Phone Lines icon GFI Support

Articles in this section

How to determine why the Anti Spoofing spam filter blocked or allowed a message

Author: Luis Fernandes Updated

Answer

If you are questioning why an email was blocked or allowed by the Anti-Spoofing module and would like more information, you can find further details in the log file for that filter.
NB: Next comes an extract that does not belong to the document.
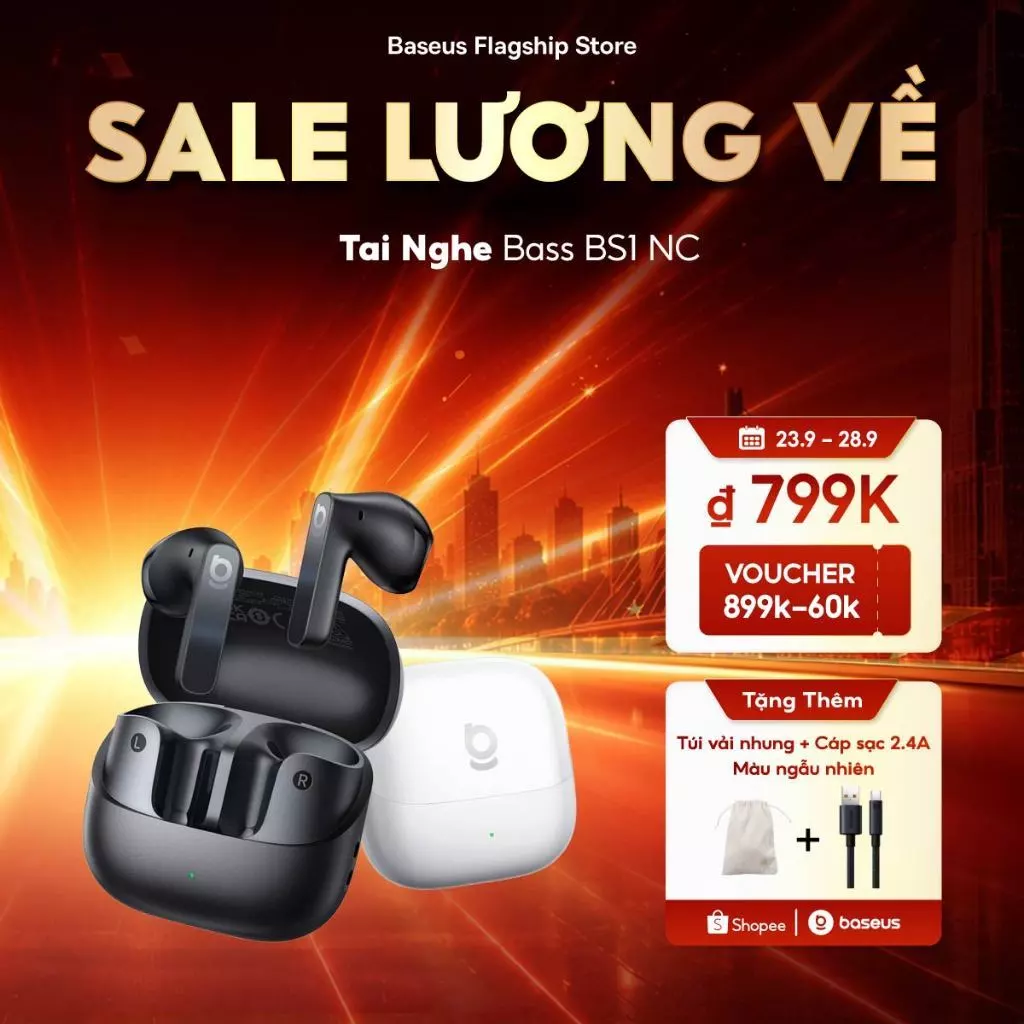 Tai Nghe Baseus BS1 NC Chuẩn Studio Bluetooth 6.0 Gấp Đôi Bass – Chống Nước, Pin 40 Giờ, Nghe Cực Phê, Gọi Cực Đã Với 6 Mic Lọc Ồn Đỉnh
Use the following procedure to find the log and information regarding your message within it, and then use the examples below to interpret why the message was either blocked or allowed:
  1. Find the message ID of the email in question by either gathering it from the headers of the message itself, or by looking for it in the MailEssentials Dashboard > Logs > Details tab
  2. Open the ase_antispoofing.gfi_log file in notepad from  ..\GFI\MailEssentials\AntiSpam\DebugLogs
    • This log is for the Anti Spoofing Module and corresponds to the Configuration > Anti-Spam > Anti Spam Filters > Anti Spoofing in the interface and the antispoofing_ip_list table within the config.mdb
  3. Do a search for the Message ID from the dashboard or the email headers
    • Note: The Message IDs have been removed from the example log files below.
    • Note: The bolded lines are the important ones in the log files for determine what has happened and why.
 
There are two main parts to this log.  The first loads the information for the module, the second scans the individual emails.  
 

Loading the settings:
 

>> Load config
Loading enable flag...
Module enabled.
Loading allow authenticated connections flag...
Module will skip processing if message is authenticated.
Loading domains...
No. of local domain entries: [2] - This is the number of domains being scanned.  Configuration > General > General Settings > Local Domains
Loading all trusted IPs...
>> Load antispoofing IPs
Recordset entry [x.x.x.x] - This is the IPs listed in the module as allowed, if this is blank, there are no IPs listed.
<< Load antispoofing IPs
>> Load perimeter IPs
<< Load perimeter IPs
No. of trusted IP entries: [4] - Total number of entries
<< Load config
 

Email was allowed by the module:
 

Connecting IP [x.x.x.x]
SMTP mail sender address [ham@gfitest.com]
SMTP mail sender domain is NOT associated with a local user account
Message is NOT spoofed

Note: To block an invalid sender, remove the IP address from the configuration.
 

Email was blocked by the module:
 

Connecting IP [x.x.x.x]
SMTP mail sender address [spam@gfitest.com]
SMTP mail sender domain is associated with a local user account
Message IS spoofed
Stopping ASE chain [2]...

Note: To allow a valid sender, add the IP address to the configuration.
 

Module is disabled:
 

Antispoofing is disabled...
 
Note: The Connecting IP is the IP address of the sending server.